Keywords

1 Introduction

Automatic speech recognition (ASR) is the transcription of speech signal into readable text to identify and process human voice. Speech provides vocalized communication through large vocabularies having different words formed out of phonetic combination of sound units called phoneme. Based upon the vocabulary size, a word may have phonetic representation as a word itself for small vocabulary, syllable-based or sub-word based representation for large vocabulary, or character-based representation for languages having characters with distinct sound. ASR systems are being widely used in various applications for desktop, laptop and hand-held devices like mobile phones, where each application has its own set of requirements. High speed is desirable for real-time applications while accuracy is the key concern for command and control applications and dictation applications. Efficient space utilization and high speed is desirable for mobile phone applications while high speed is expected from desktop applications having ample storage space available.

ASR systems have been an active area of research for almost last six decades. Research started in this field in the year 1952 with the development of Aurdey [4], a speaker-dependent speech recognizer having 97–99% digit recognition accuracy. It was followed by DoD’s DARPA Speech Understanding Research (SUR) program [10] and Carnegie Mellon’s “Harpy” speech-understanding system [16] having ability to recognize 1011 words. Hidden Markov Model (HMM) based methods gained popularity in 1980s and are still being widely used.

A major revolution in this field came in the year 1990 with the development of Sphinx [15]. Sphinx is an accurate, large vocabulary, speaker independent, continuous speech recognition system. It introduced three acoustic models- continuous [19], semi-continuous [7] and phonetically-tied [6]. They differ in the way their mixture of Gaussians is built, that is used to compute the score of each frame. In continuous model every senone has its own set of gaussians thus the total number of gaussians in the model is about 150 thousand. It requires much processing to compute the mixture efficiently.

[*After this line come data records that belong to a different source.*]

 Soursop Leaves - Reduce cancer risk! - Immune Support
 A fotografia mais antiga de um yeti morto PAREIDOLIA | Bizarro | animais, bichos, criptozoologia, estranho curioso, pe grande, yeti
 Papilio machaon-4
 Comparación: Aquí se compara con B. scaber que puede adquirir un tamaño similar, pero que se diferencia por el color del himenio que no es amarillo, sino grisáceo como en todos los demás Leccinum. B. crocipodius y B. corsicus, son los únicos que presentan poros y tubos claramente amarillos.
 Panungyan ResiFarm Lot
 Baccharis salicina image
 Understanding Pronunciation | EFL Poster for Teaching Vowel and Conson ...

In semi-continuous model, there are total 700 gaussians for use with different mixtures to score the frame. Due to the smaller number of gaussians semi-continuous models are fast, but because of more hardcoded structure their accuracy is low as compared to continuous models. Phonetically-tied models (PTM) use about 5000 gaussians thus providing better accuracy than semi-continuous. It achieves almost same accuracy as of continuous model with less processing and storage requirements. So, it is significantly faster than continuous models and can be used for mobile applications.

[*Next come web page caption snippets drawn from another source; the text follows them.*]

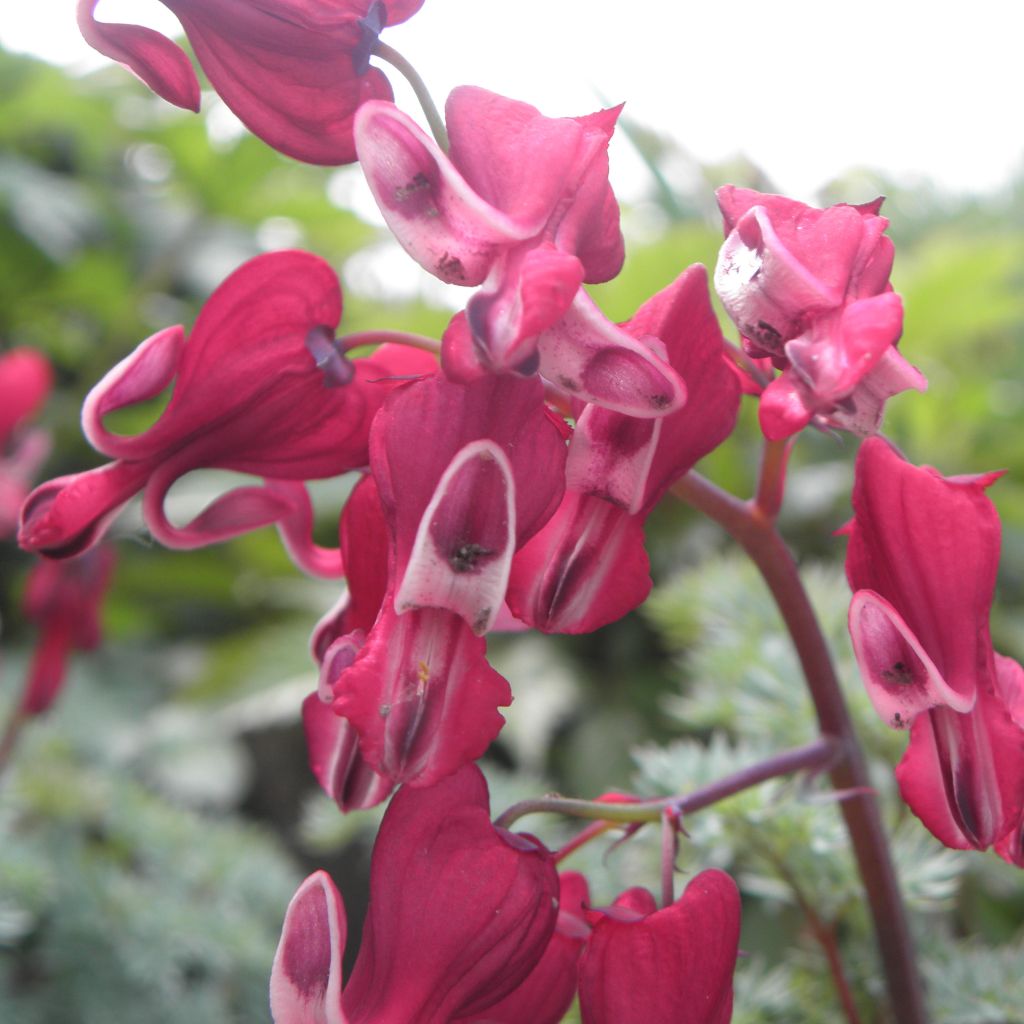 Dicentra Burning Hearts
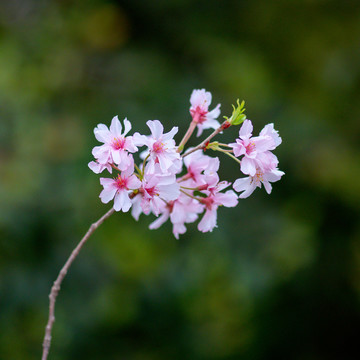 青龙寺樱花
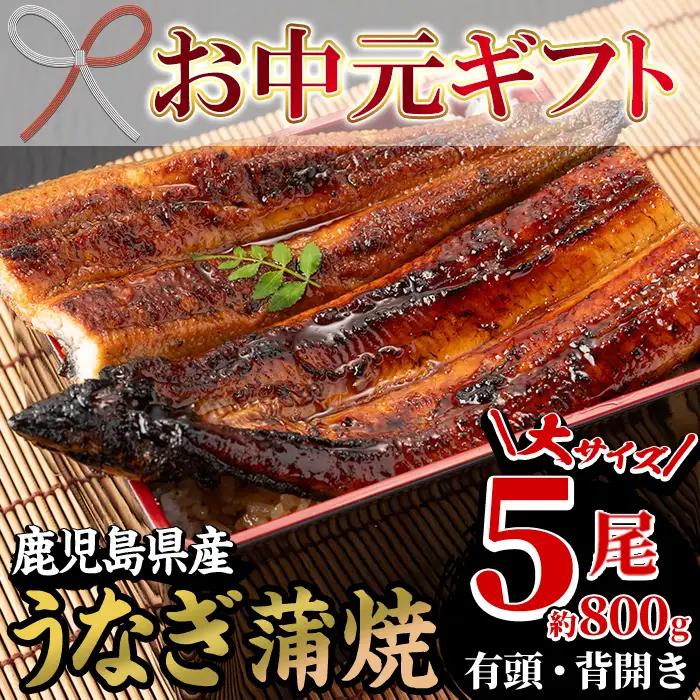 【お中元】国産 うなぎ 蒲焼 大5尾 合計約800g うなぎ【00-025-13-R8OC】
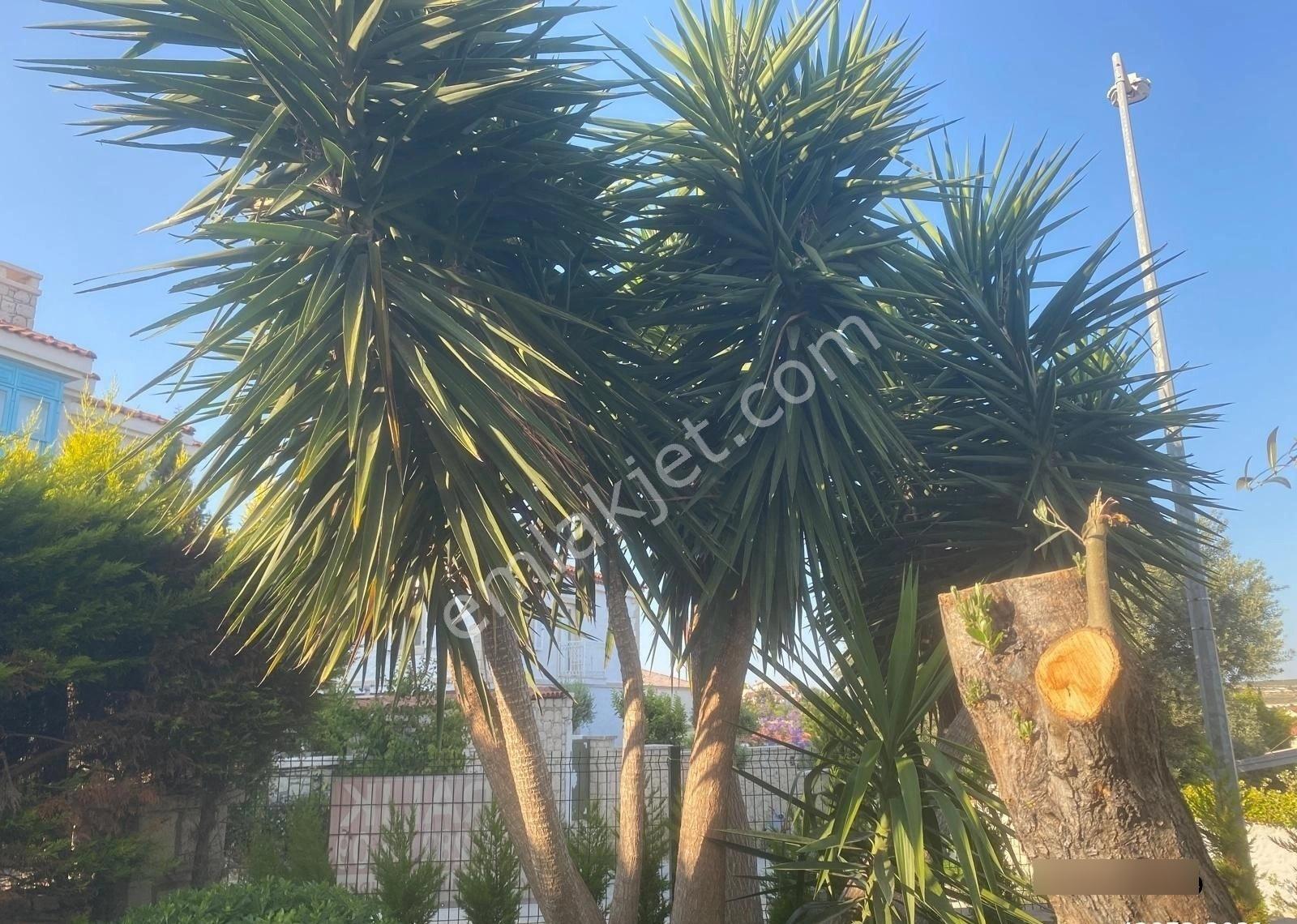 Ren'den Çeşme Alaçatıda 3+1 Kiralık Villa - Görsel 11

ASR system requires development of an efficient acoustic model based on language specific pronunciation dictionary. This paper proposes the development of efficient acoustic model for Punjabi language that can be used to build ASR system for mobile phone applications. Section 2 covers the related work in the field of ASR followed by problem formulation in Sect. 3. Section 4 gives introduction to Punjabi language while proposed methodology is explained in Sect. 5. Section 6 gives detailed development of ASR system for Punjabi language. Results are analyzed in Sect. 7 followed by discussion and Conclusions are given in Sect. 8.

2 Related Work

Various ASR systems have been proposed by researchers from time to time. Most of the applications like Google Voice Search [23] are in English, Spanish or other European languages. Wang et al. [27] developed ASR for Chinese having complete recognition of continuous Mandarin speech with large vocabulary. Walha et al. [26] developed ASR for Standard Arabic language using HTK toolkit. Satori et al. [22] trained a model for Amazigh using CMU Sphinx tools having 92.89% accuracy for 16 GMM. Naing et al. [18] developed large vocabulary continuous speech recognition system for Myanmar language using deep neural network approach. Researchers are also working on other Asian languages like Japanese, Korean [24] etc. Indian languages like Hindi [11], Assamese [1], Tamil [25], Bengali [3] etc. are also being explored. Till now, little work has been done on speech recognition in Punjabi [12,13,14]. Dua et al. [5] proposed isolated word ASR system for Punjabi using HTK toolkit with overall system performance of 95.63% for a limited vocabulary having 115 Punjabi words.

3 Problem Formulation

Mobile phones have become future communication instruments by replacing computers and laptops with the advent of better hardware, computation and storage capabilities, and battery technology improvements. Speaker-dependent applications embedded in mobile phones are being ignored by the majority of users due to usability, accuracy, speed and storage constraints. Speaker-independent applications as a low cost, high capacity alternative to speaker-dependent applications are being developed to provide user-friendly, accurate, fast and low memory interface [17] for simple features like phone dialing and dictation to complex command and control features. It covers speech based applications like continuous digit dialing, name dialing, command and control for menus and navigation systems, games, and interactive man-machine interfaces.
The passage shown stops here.